Un tempo esponente dell'indie folk più incupito e intimo della generazione
anni '90, degno compare di Will Oldham, Vic Chenustt e Bill Callahan (Smog) nella
formazione di una figura di folksinger chiuso a riccio sulle proprie paure e timidezze,
avvinto dal male di vivere, Molina scorge una flebile luce fra le ballate elettriche
di questo splendido disco. Scarmigliato e imperfetto come il Neil Young più bluastro
dei tempi di On the Beach e Tonight's The Night, fragile e perduto quanto il Townes
Van Zandt più solitario, ma sospinto da una verve strumentale (sul resto si stagliano,
oltre a chitarre rugginose degne dei Crazy Horse, la lap steel di Mike Brenner
e l'organo e piano elettrico di Jim Grabowski) che a qualcuno fa scomodare persino
collegamenti di carattere tematico con lepopea del blue collar rock. Difficile
effettivamente intravedere stile e andatura simili nel crepuscolare incedere di
I've Been Riding with the Ghost, fra la struggente
dolcezza di Just Be Simple o della conclusiva
Hold on Magnolia, che tuttavia si cibano chiaramente
di un'intera stagione del rock americano, quella che nel decennio post '68 aveva
guardato alla pacificazione con la tradizione e le radici, complice soprattutto
la lezione di Gram Parsons e The Band.
Colpisce il fatto che Jason Molina
cerchi per la prima volta una fuga, un movimento oltre la sua anima: l'album è
segnato da liriche che anelano ad una crescita, al tentativo di portarsi su nuovi
sentieri, lasciandosi alle spalle i fantasmi. Echeggia oggi qualcosa di tremendamente
beffardo, amaro e ingiusto alla rilettura di queste canzoni, dopo la tragica deriva
che ha portato alla recente scomparsa di Molina, ma la potenza "minore", accogliente,
che guida i brani di Magnolia Electric Co. risiede tutta in questa
possibile, agognata soluzione ai propri mali. Registrato in presa diretta, conservando
un feeling volutamente arruffato, un po' zoppicante, sotto la guida di uno Steve
Albini (dai Nirvana agli Slint, figura cardine del linguaggio indie rock)

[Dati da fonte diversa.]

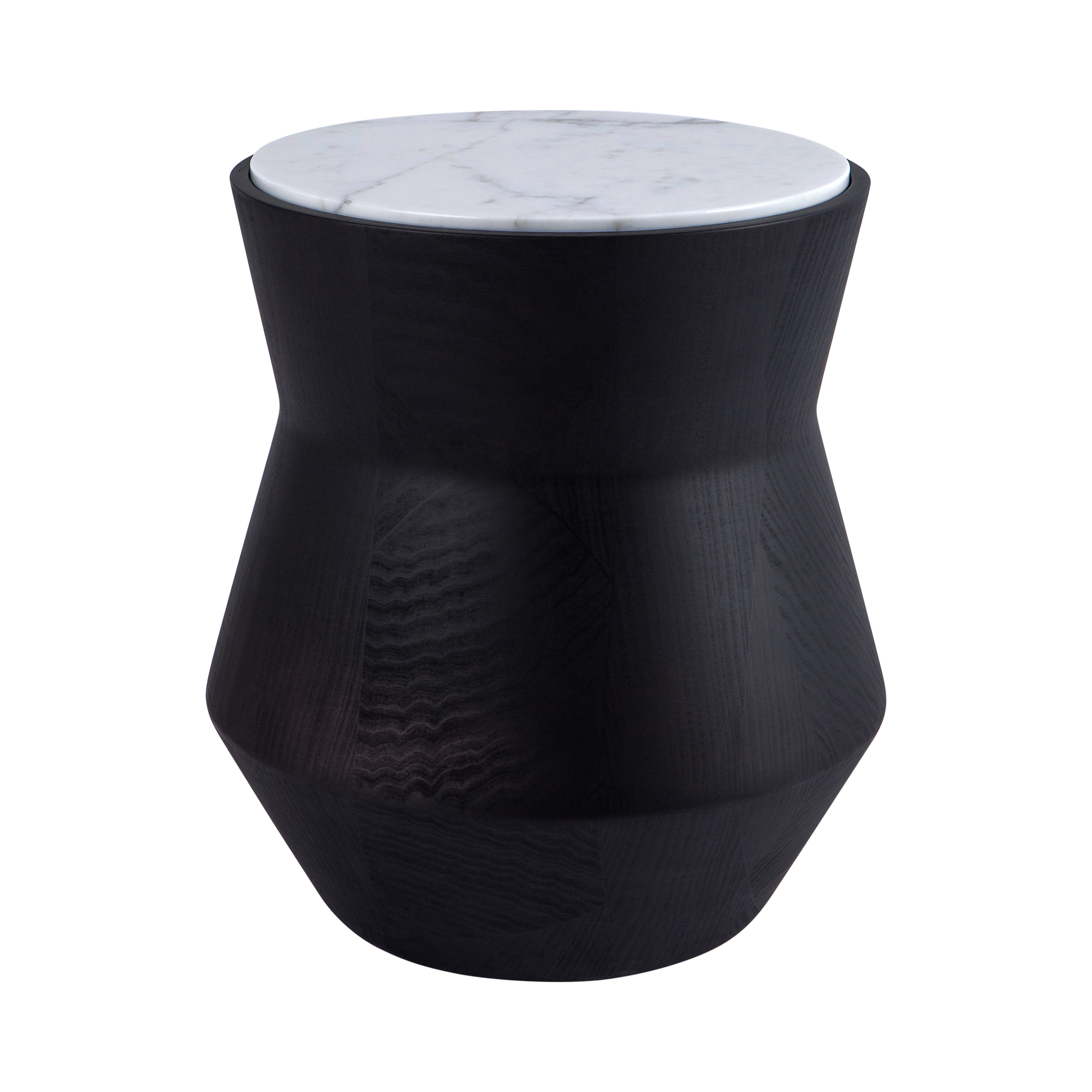 Стол / Dama Gallotti&Radice sun-id-378437 - Вид №1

che sembra assecondare ogni sofferenza ed ogni scatto dell'anima di Molina, l'album
è un'opera più corale del previsto: le voci si Scoutt Niblett e Lawrence Peters,
infatti, strappano il comando allo stesso Jason Molina, interpretando rispettivamente
Peoria Lunch Box Blues e The Old Black Hen. La prima è una ballata
dagli orizzonti western che sembra introiettare la scuola country rock dei 70s,
giustificando ancora di più il nuovo corso musicale che la band abbraccerà nei
successivi lavori (su tutti What Comes After the Blues e Fading Trails); la seconda
invece una straziante litania folk, unico episodio un po' fuori posto nel contesto
del disco, non tanto per il sound quanto proprio per l'interpretazione della Peters,
troppo sopra le righe.
Sono tuttavia gli oltre sette minuti dell'iniziale
Farewell Transmission - apice dell'album
insieme alla inattesa ferocia di John Henry Split My Heart - a tracciare
una linea di demarcazione tra il prima e il dopo: per chi aveva pianto insieme
a Molina nel suo erratico viaggio a nome Songs:Ohia, si apre adesso una diversa
declinazione del suo songwriting, senza rinunciare ai silenzi di quello spleen
con il quale combatteva da sempre. Ci saranno altri dieci anni di oscurità
e fragilissime canzoni prima dello schianto: lo scorso 16 marzo Molina muore nella
sua casa di Indianapolis dopo un lungo calvario medico (molti amici cercheranno
di raccogliere i fondi necessari a coprire le spese dell'assicurazione), in una
lotta impari contro il suo abuso di alcol.